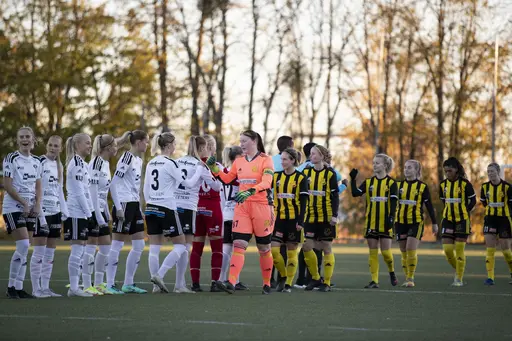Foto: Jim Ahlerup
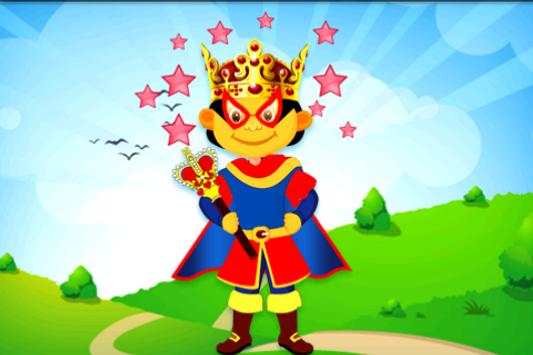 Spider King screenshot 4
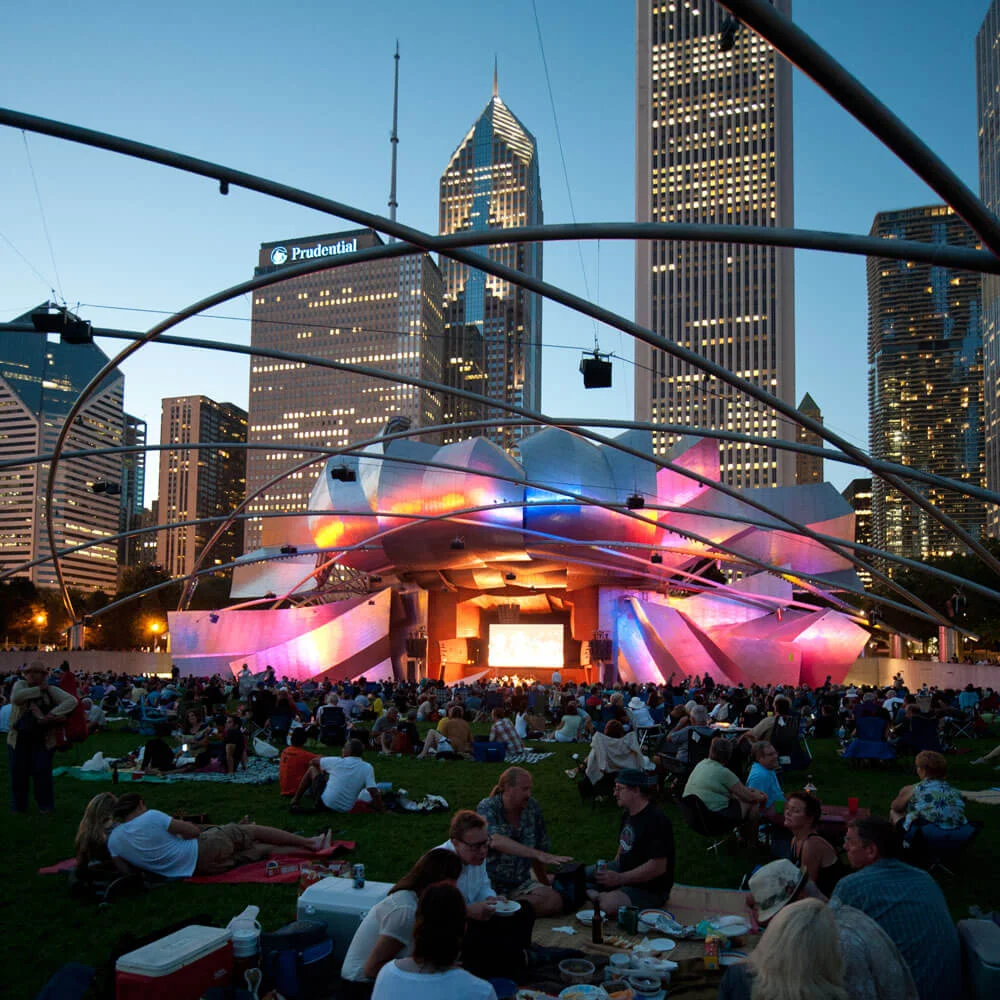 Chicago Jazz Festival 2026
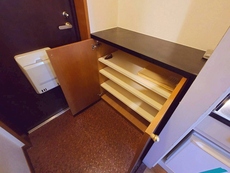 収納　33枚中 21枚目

---

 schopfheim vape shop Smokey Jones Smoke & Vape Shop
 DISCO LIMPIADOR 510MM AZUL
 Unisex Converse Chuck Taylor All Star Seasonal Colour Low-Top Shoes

» Exercise requirements: Having found the line with "Foto: Jim Ahlerup" and the line with "収納　33枚中 21枚目" in the material above, write out exactly those two and every line between, leaving the pictures out.

» Solution for this exercise:
Foto: Jim Ahlerup
 Spider King screenshot 4
 Chicago Jazz Festival 2026
 収納　33枚中 21枚目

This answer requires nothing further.